Meine innere Stimme hatte mich also nicht getäuscht. Er war wieder glücklich liiert mit einer neuen Frau in seinem Leben. Davon hatte er mir nichts erzählt, doch ich spürte anhand seiner knapper werdenden Briefe und des leicht gereizten Untertons, daß seine Stimmung sich wieder gewandelt hatte. Ich - seine allerbeste, liebste Freundin - wie er mich manchmal nannte hatte sein Herz wieder nicht gewinnen können.
Dennoch freut es mich, zu wissen, daß er glücklich ist. Ich hoffe, diesmal ist es eine Frau, die bis zum Ende seines Lebens an seiner Seite bleibt. Ich allerdings werde ihn nicht mehr kontaktieren. Er war meine große Liebe. Nie habe ich für einen Mann tiefere Gefühle gehabt. Nie fühlte ich mich einem Menschen so nahe und nie hat mich ein Mann so sehr erfüllt und erregt, wie er. Ich bin dankbar für die Zeit mit ihm. Dankbar für jede kostbare Minute, die ich mit ihm verbracht habe. Und doch weiß ich, daß nie wieder ein Mann mein Herz so sehr berühren wird. Ich bin nun Anfang 60. Ich habe noch einige schöne Jahre vor mir, wenn Gott will. Ich habe ein gutes Leben und ich habe sehr viel Liebe bekommen und noch mehr Liebe gegeben. Nun bin ich müde! Meine restlichen Jahre werde ich zufrieden und erfüllt alleine verbringen. Nein, ich bin ja nicht alleine. Henry, der gute, ist bei mir. Und sollte er gehen, werde ich noch einmal einen älteren Hund aufnehmen.
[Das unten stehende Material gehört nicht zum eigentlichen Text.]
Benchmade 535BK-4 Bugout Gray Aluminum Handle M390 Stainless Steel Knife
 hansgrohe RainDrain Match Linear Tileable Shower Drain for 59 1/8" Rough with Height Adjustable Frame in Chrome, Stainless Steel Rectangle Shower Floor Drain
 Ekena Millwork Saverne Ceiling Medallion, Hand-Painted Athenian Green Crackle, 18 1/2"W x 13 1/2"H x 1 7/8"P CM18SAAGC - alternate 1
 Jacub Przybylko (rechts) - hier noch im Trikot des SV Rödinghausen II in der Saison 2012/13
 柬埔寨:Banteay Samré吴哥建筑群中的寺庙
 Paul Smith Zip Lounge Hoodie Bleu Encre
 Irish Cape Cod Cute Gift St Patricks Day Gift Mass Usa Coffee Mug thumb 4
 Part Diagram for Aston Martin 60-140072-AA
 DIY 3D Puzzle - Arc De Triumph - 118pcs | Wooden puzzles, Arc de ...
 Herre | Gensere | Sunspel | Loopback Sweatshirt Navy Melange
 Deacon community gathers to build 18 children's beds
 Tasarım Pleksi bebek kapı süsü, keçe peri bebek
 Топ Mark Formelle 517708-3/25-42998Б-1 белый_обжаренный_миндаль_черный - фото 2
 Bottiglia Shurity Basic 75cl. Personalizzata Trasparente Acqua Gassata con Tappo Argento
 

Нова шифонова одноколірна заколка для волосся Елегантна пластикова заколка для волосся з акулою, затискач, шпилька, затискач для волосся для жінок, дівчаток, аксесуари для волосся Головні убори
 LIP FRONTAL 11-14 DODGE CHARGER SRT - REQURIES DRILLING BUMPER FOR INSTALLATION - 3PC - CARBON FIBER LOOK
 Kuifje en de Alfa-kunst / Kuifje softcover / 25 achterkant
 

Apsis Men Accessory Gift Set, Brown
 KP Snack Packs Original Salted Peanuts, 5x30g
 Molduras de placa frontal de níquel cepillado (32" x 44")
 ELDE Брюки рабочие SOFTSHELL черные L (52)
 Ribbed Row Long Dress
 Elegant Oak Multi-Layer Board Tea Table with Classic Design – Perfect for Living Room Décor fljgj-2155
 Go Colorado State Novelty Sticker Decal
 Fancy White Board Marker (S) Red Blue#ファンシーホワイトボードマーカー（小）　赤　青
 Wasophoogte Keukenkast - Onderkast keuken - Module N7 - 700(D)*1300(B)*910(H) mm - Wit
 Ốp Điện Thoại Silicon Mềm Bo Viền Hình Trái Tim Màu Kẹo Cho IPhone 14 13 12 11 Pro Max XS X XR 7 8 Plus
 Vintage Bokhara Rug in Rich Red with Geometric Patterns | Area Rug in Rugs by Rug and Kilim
Ich werde meinen Hobbys nachgehen und meine Freundschaften pflegen. Es wird ein gutes und erfülltes Leben sein.
Meine große Liebe aber warst du, Pavel. Deinen Namen und einige Details habe ich geändert, um deine Identiät zu schützen. Du bist ein wunderbarer Mann. Der beste, der mir je begegnet ist. Aber du bist eben ein Mann. Ich konnte nicht erwarten, daß du bei mir bleibst. Aber eine Zeit lang durfte ich davon träumen. Dafür danke ich dir von Herzen!